F. Fines, Fees and Costs

Finally, defendant challenges the trial court's imposition of various fines, fees and costs. The State concedes and we agree that the following fees or fines should be vacated as a matter of law: a $25 court supervision fee (625 ILCS 5/16-104c (West 2006)); a $5 drug court fee (55 ILCS 5/5-1101(f) (West 2006)); a $30 Children's Advocacy Center fine (55 ILCS 5/5-1101(f-5) (West 2008)); and a $100 trauma fund fine (730 ILCS 5/5-9-1.10 (West 2004)). Accordingly, we vacate these charges, which total $160.

In addition, defendant asserts, the State concedes, and we agree that defendant is entitled to receive credit for time served in presentence custody to satisfy his $10 mental health court fine and $5 youth diversion/peer court fine. Because defendant accrued at least 1,040 days of credit for time he spent in presentence custody (725 ILCS 5/110-14(a) (West 2004)), he is entitled to at least $5,200 credit against any creditable fines. The $10 mental health court and $5 youth diversion/peer court fines are the only creditable fines in this case. See People v. Jones, 223 Ill. 2d 569, 582, 699 (2006) (fines are part of the punishment for a conviction, whereas fees are intended to reimburse the State for a cost incurred in the defendant's prosecution). Consequently, we offset defendant's $10 mental health court and $5 youth diversion/peer court fines with his days of accrued presentence credit.

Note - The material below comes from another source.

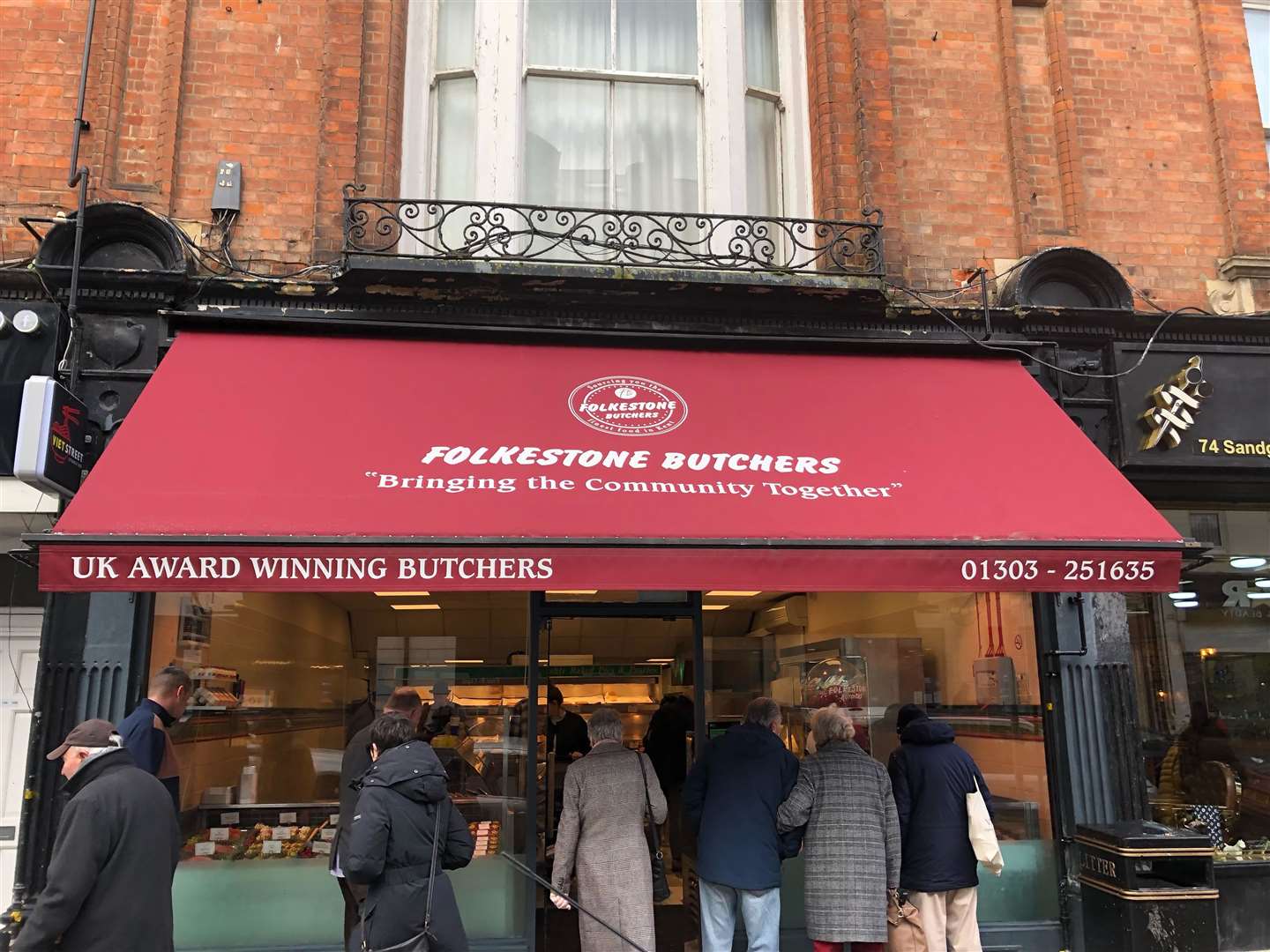 Customers gather round the new butcher shop in Sandgate Road which has had an encouraging start to business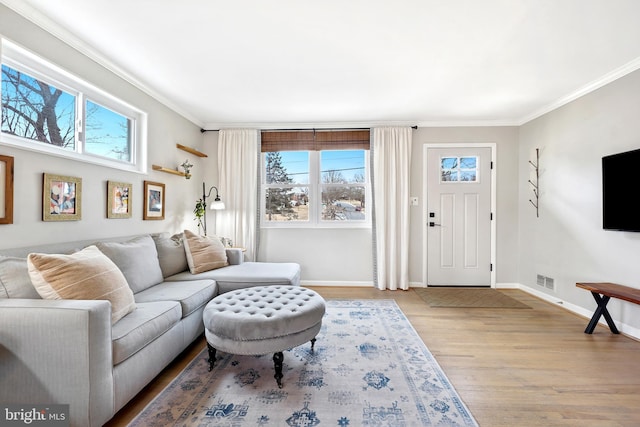 living room featuring a wealth of natural light, light wood-style floors, and crown molding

We do not agree, however, with defendant's claim that the trial court erroneously imposed the $50 court system fee. This fee was properly assessed against defendant because he was found guilty of felony offenses. 55 ILCS 5/5-1101(c) (West 2004). The trial court's order, however, erroneously states that this fee was imposed under section 5-1101(b) of the Counties Code (55 ILCS 5/5-1101(b) (West 2008)), which is not applicable here. Consequently, we correct that portion of the trial court's order to reflect the imposition of the fee under section 5-1101(c) of the Counties Code.

III. CONCLUSION

Accordingly, we affirm defendant's attempted first degree murder conviction, one of his two AUUW convictions, and the sentences imposed on those convictions. We vacate, however, his convictions and sentences for the aggravated battery with a firearm offense and the second AUUW offense. We also affirm the imposition of the $50 court system fee, vacate the imposition of the other challenged fees totaling $160, and offset the fines totaling $15 with accrued presentence credit.

Affirmed in part and vacated in part.

REPORTER OF DECISIONS - ILLINOIS APPELLATE COURT

THE PEOPLE OF THE STATE OF ILLINOIS, Plaintiff-Appellee, v. MARTELL MIMES, Defendant-Appellant.

No. 1-08-2747

Appellate Court of Illinois First District, FIRST DIVISION

June 20, 2011

JUSTICE LAMPKIN delivered the judgment of the court, with opinion.

Presiding Justice Hall and Justice Rochford concurred in the judgment and opinion.

Appeal from the Circuit Court of Cook County.

The Hon. Kenneth J. Wadas, Judge Presiding.